结合知识补充大概的流程很清楚。回答以下几个问题

(1)list操作为什么需要resoureversion?

A: list机制本来就有resoureversion,resoureversion不同的值有不同的含义。每次list的时候记录了resoureversion,可以保证数据最少是上一次list后的(实际基本都是最新的)

(2)为什么list会分页?

如果设置了limit就会分页

(3)如果提取list的数据

先是通过 items, err := meta.ExtractList(list) ,将list数据保持到items数组中

然后通过syncWith将List数据保持到 deltafIfo队列中去

syncWith的逻辑如下:

(1)遍历所有list的数据,通过 queueActionLocked(Sync, item)将所有的数据,以(sync, item)的方式追加到 deltafifo的items里面

(2)遍历所有fIfo queue的数据,判断是否存下 fifo有,但是最新list没有的数据。如果存在这种情况。说明fifo漏到了delete请求,所以封装一个(delete, DeletedFinalStateUnknown) 到deltafifo的items里面。

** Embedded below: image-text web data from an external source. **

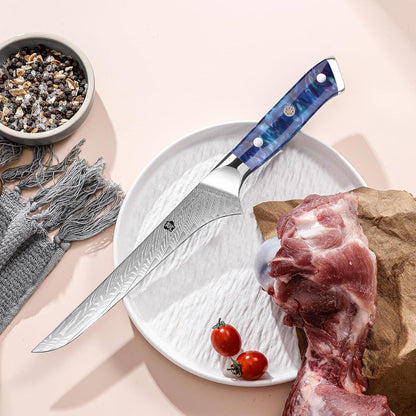 Damascus Boning Knife, 7 inch Super Sharp Fillet Knife, Japanese Damascus Steel, Full Tang Resin Handle, Includes Gift Box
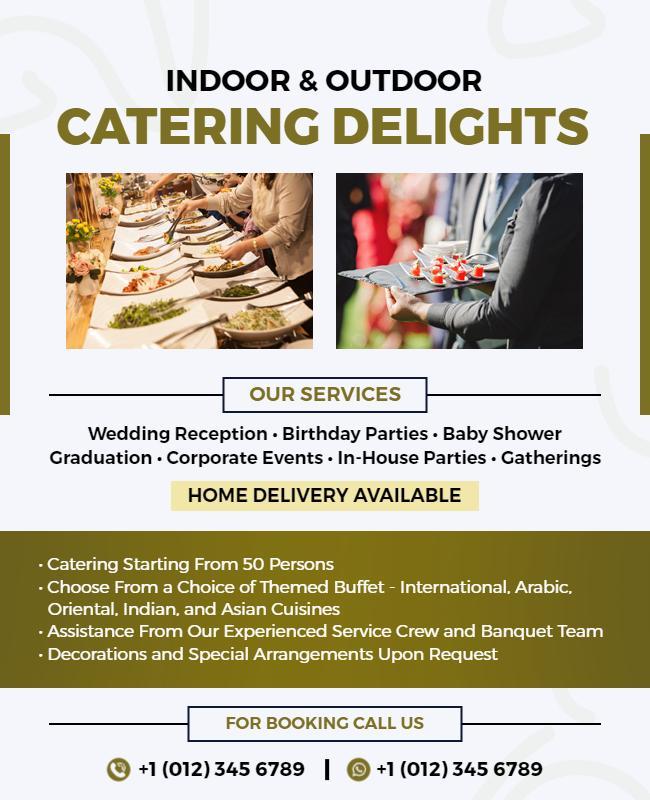 Catering Services Promotion and Booking Flyer Template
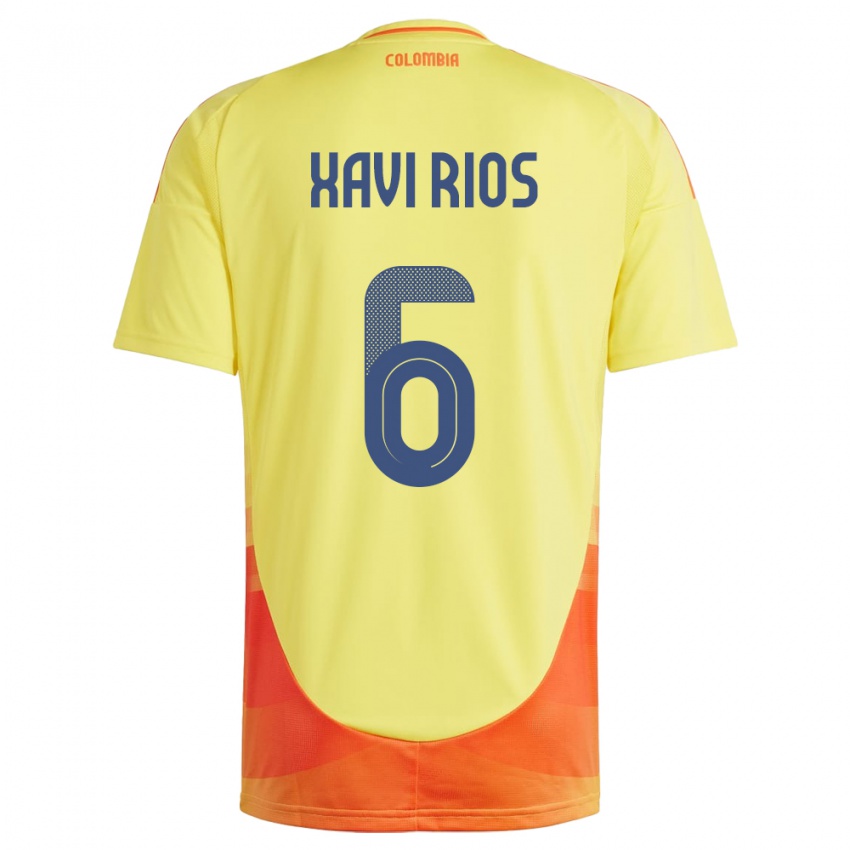 Gyermek Kolumbia Xavi Ríos #6 Sárga Hazai Jersey 24-26 Mez Póló Ing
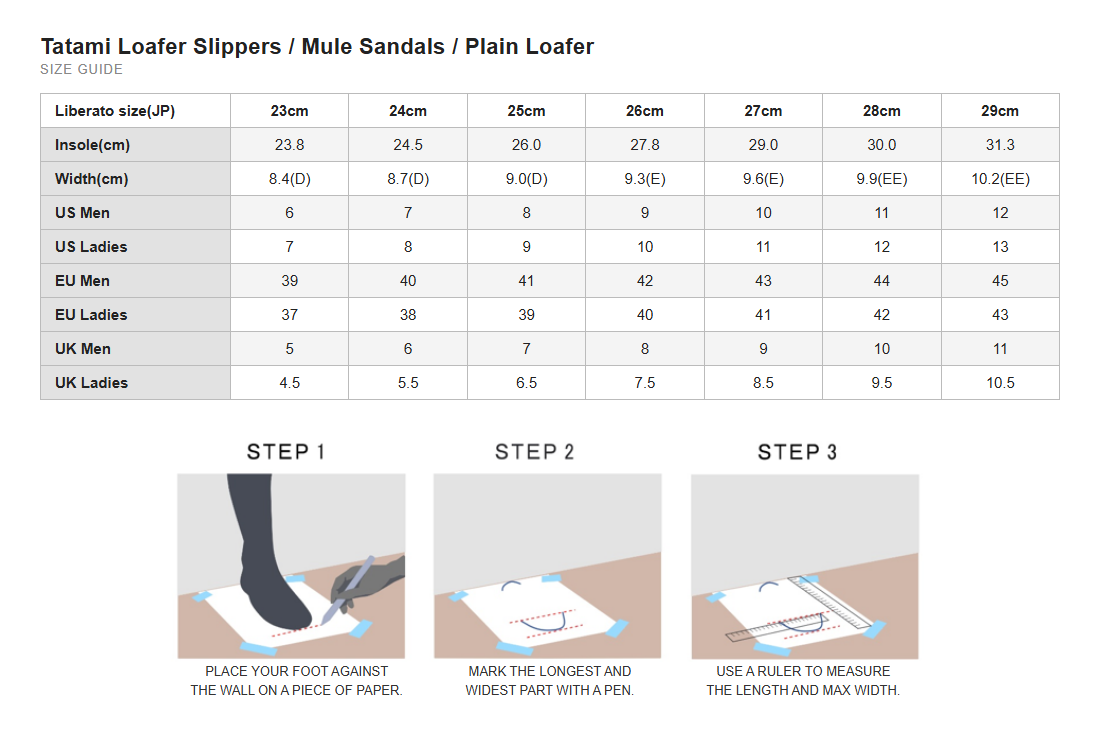 Size Chart (International) – Tatami Mule Sandals Dark Brown | Liberato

为什么是DeletedFinalStateUnknown呢?

因为Replace方法可能是reflector发生re-list的时候再次调用,这个时候就会出现knownObjects中存在的对象不在Replace list的情况(比

如watch的delete事件丢失了),这个时候是把这些对象筛选出来,封装成DeletedFinalStateUnknown对象以Delete type类型再次加入

到deltaFIFO中,这样最终从detaFIFO处理这个DeletedFinalStateUnknown 增量时就可以更新本地缓存并且触发reconcile。 因为这个对

象最终的结构确实找不到了,所以只能用knownObjects里面的记录来封装delta,所以叫做FinalStateUnknown。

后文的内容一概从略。